玄関の棚上に転がしてあったサフランの球根からチラリと白い芽が出ていたのを発見し、とても嬉しくなった昨日。このまま育ててもいいのだけれど、私は小さな鉢に土をいれ球根を植え、朝日と共に咲いた花から花粉が付く前に蕊を摘みとり乾燥させて料理に使っています。
実は昔、スペインのサフラン農家に密着したドキュメンタリー番組に感動してしまったからなのです。広い畑、のぼる朝日、一斉に畑に出る女たち、咲いたばかりの沢山のサフランの花を一つ一つ摘み、カゴに入れ運び、作業小屋にあるテーブルの上は花が山盛り。今度は皆テーブルに集まり蕊を素早く摘みとり収穫するというものでした。大変な地道な作業風景なのですが、私にはとても神聖なものに感じられ、ものすごく心に残っています。それ以来、サフラン球根も土に植えるようになったのでした。サフランは晩秋の紫の花、我が家では11月頃から咲き始めます。

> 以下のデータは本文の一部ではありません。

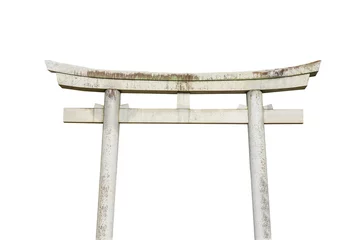 Gordijnen Japanese torii gate isolated on white background © Martina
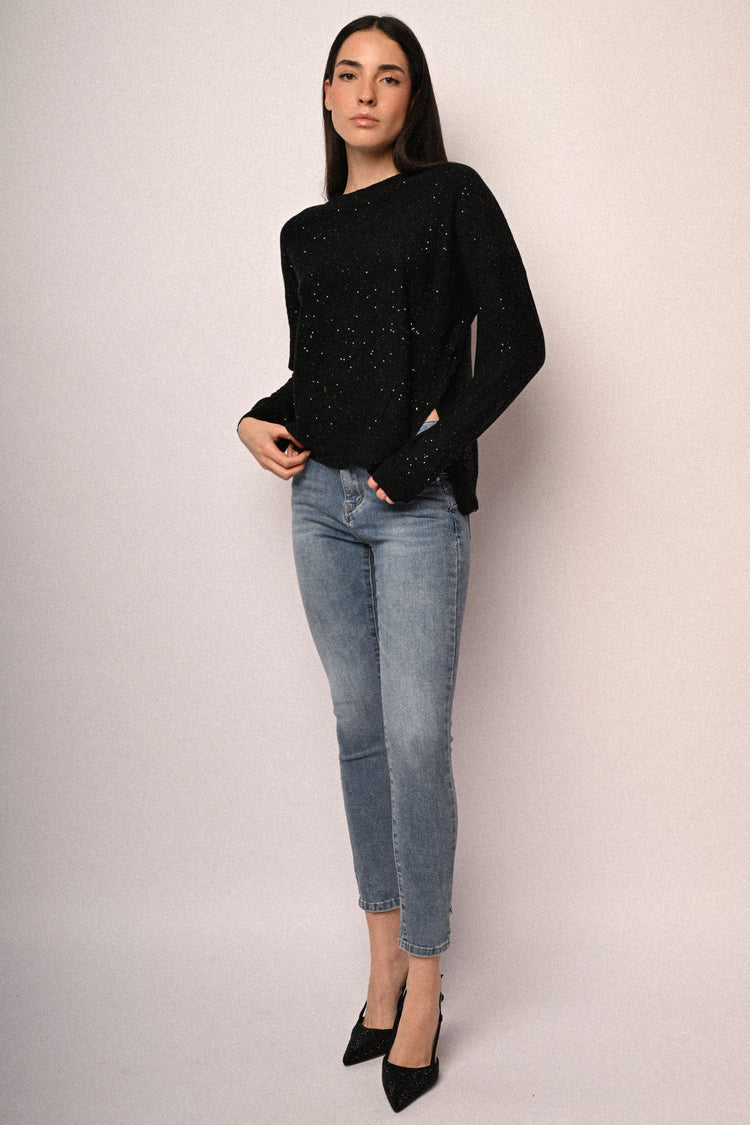 All-over mini sequins basic sweater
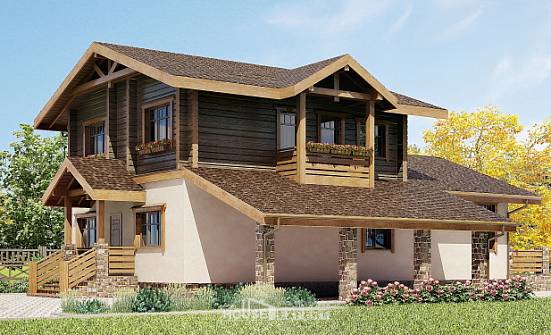 170-004-П Проект двухэтажного дома с мансардным этажом и гаражом, скромный дом из твинблока из дерева, Новосибирск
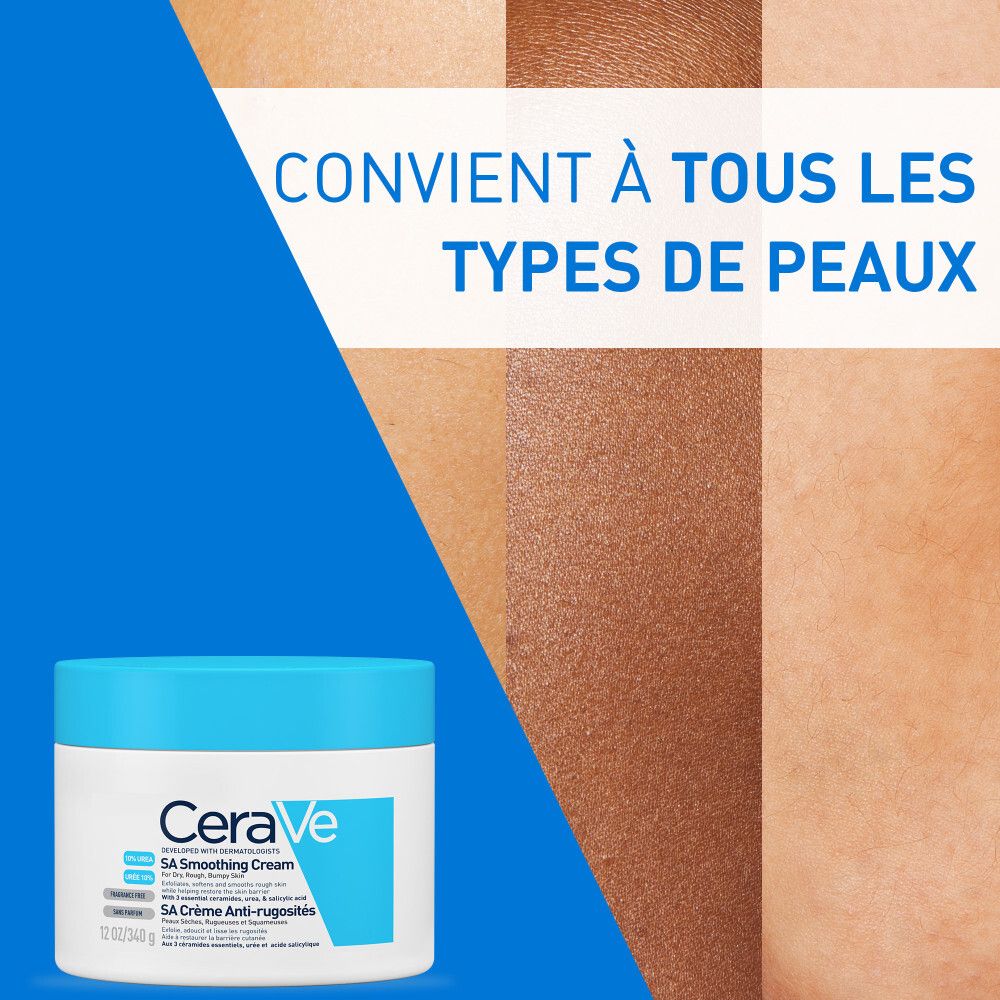 CeraVe SA Crème Anti-rugosités pour les peaux très sèches, rugueuses 177 ml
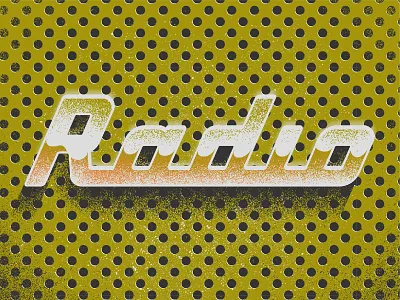 Radio - Typetober Lettering Illustration glossy hellsjells illustration inktober inspiration lettering metal metallic radio retrotype speaker speakers texture type typetober typography vintage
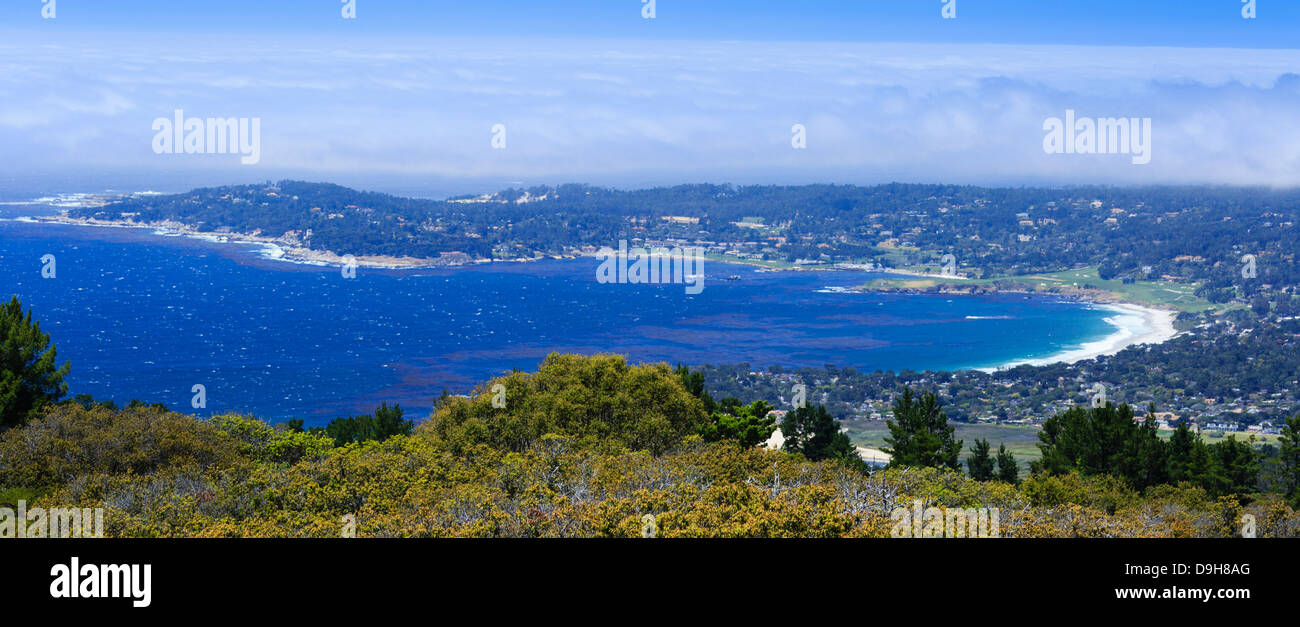 Rare elevated view of Carmel Bay, Beach and Pebble Beach in California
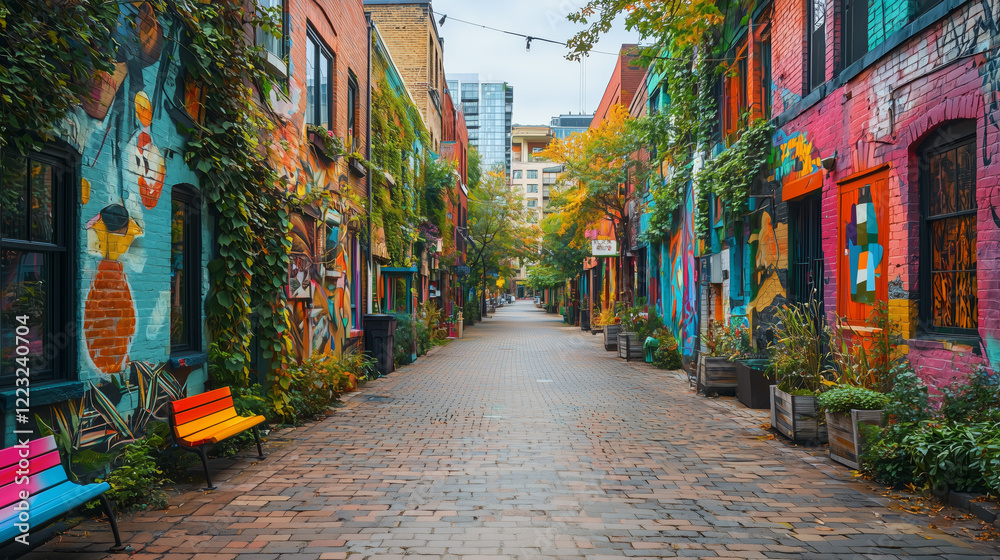 Fototapeta premium Colorful Urban Alleyway with Vibrant Street Art and Greenery
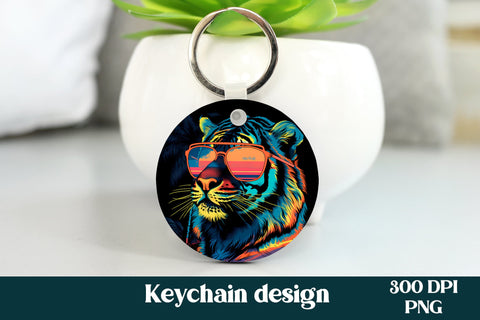 Rainbow tiger keychain sublimation bundle | Animal keychain Sublimation Svetana Studio 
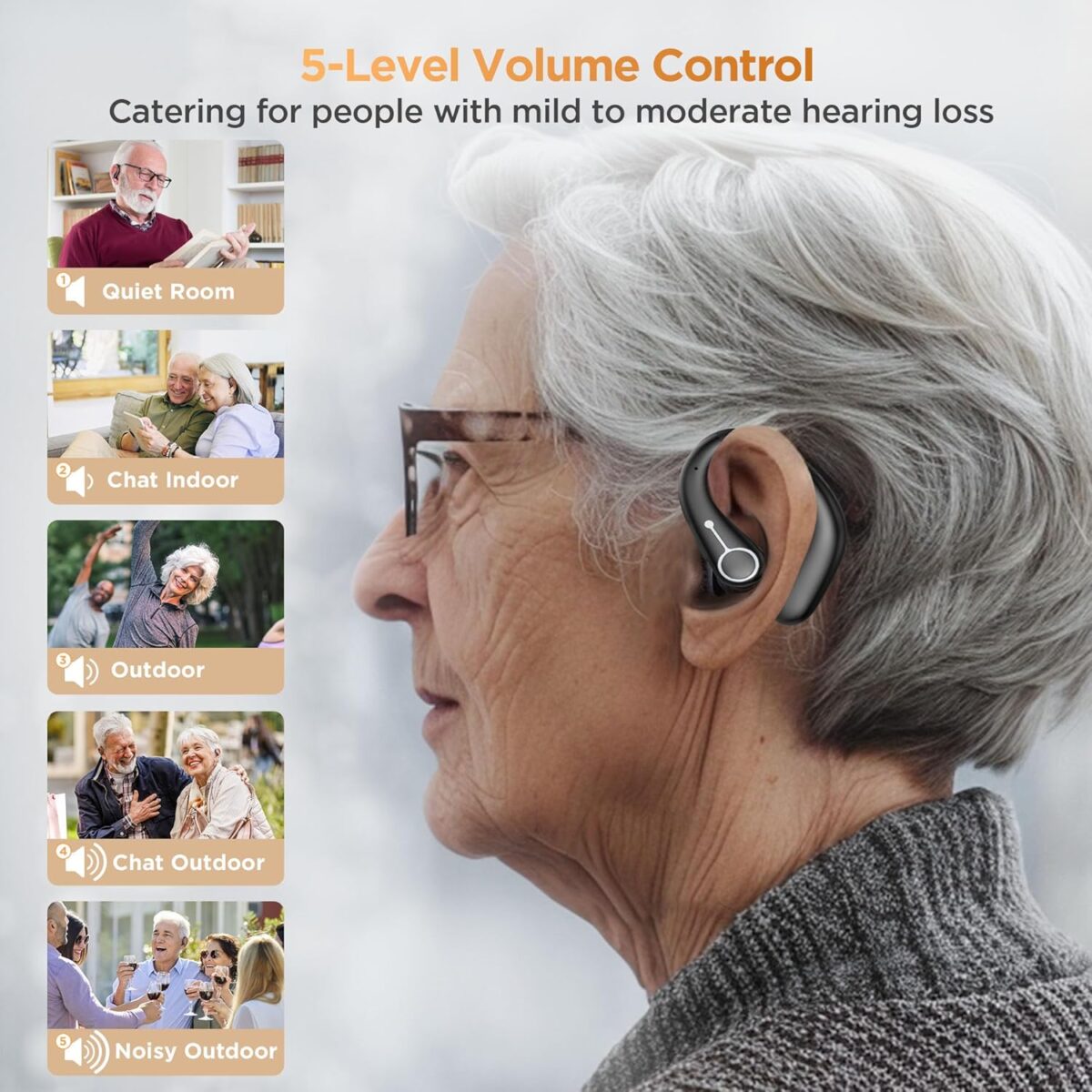 Hearing Aids, Hearing Aids for Seniors with Bluetooth, Rechargeable Hearing Aid with APP for People with Hearing Loss, 5 Levels of Volume Automatic Noise Cancellation, Clear Sound and Easy to Use - Image 3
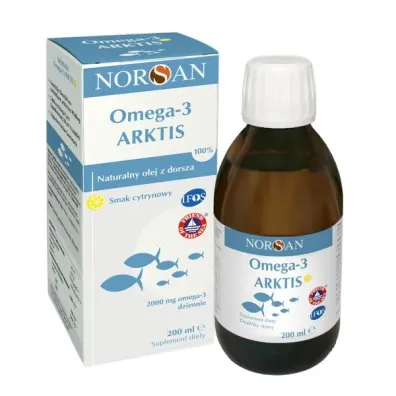 Norsan Omega-3 Arktis Naturalny olej z dorsza arktycznego Suplement diety 200 ml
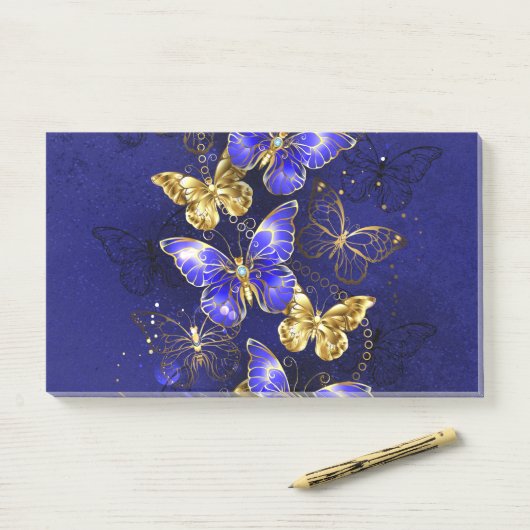 Compositie met Sapphire Butterflies Post-it® Notes (Op bureau)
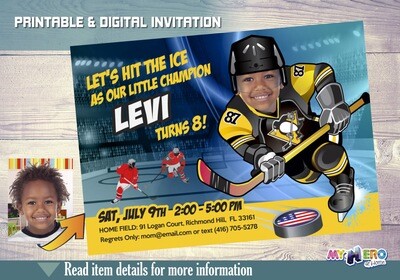 Pittsburgh Penguins Birthday Invitation, Pittsburgh Penguins Party, Hockey Party, Hockey Digital, Hockey Virtual, Hockey Birthday. 306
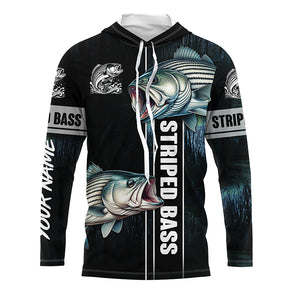 Striped Bass striper Fishing blue camo fish on custom name sun protection long sleeve fishing shirts NQS4451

秋は紫の花が美しい。気温のせいでしょうか。お日様の光の加減でしょうか。秋の七草にも紫の花がありますね。「秋の野に 咲きたる花を 指(および)折り かき数(かぞ)ふれば 七種(ななくさ)の花」「萩の花 尾花(おばな)葛花(くずばな) なでしこの花 女郎花(おみなえし)また藤袴 朝貌(あさがお、桔梗といわれる)の花」万葉集にある有名な山上憶良の2首。
諳んじることができるのかといえば、出来ないのでこっそりメモをとってあるのです。ただ花の名前を覚えるにはちょっぴり七五調の「ハギ、ススキ、クズ、オミナエシ、フジバカマ、キキョウ、ナデシコ」が私は覚えやすかったなあと。あら、でも、萩はブルーベースのピンク、藤袴は赤みの強い紫、葛とキキョウ位かなあ。しかも初秋が多いなあ。
学生の時に勉強した襲の色目ならばどうだと古い資料を取り出しました。ほら、萩、萩重、紫苑、そして移菊(うつろいぎく)。柔らかな紫を合わせ植物の名前がついた襲がありますよ。今も野紺菊を好きなのは「移菊」と言う名前にキュンとしたからかしら。また源氏物語が流行っているから襲も調べる人が増えているかも。
何はともあれ。
「秋の紫の花は郷愁を誘い情緒があり品がよい。」と染物屋の小森谷お父さんと渋谷にあったスナックドンのママ、やよい園芸のお母さん、大好きな3人が四半期前に店先で話していたことを信じ思い出して、これからも秋になると紫の花を生けていくと思います。
秋は紫の花。涼しくなりました。花を飾りたくなる季節です。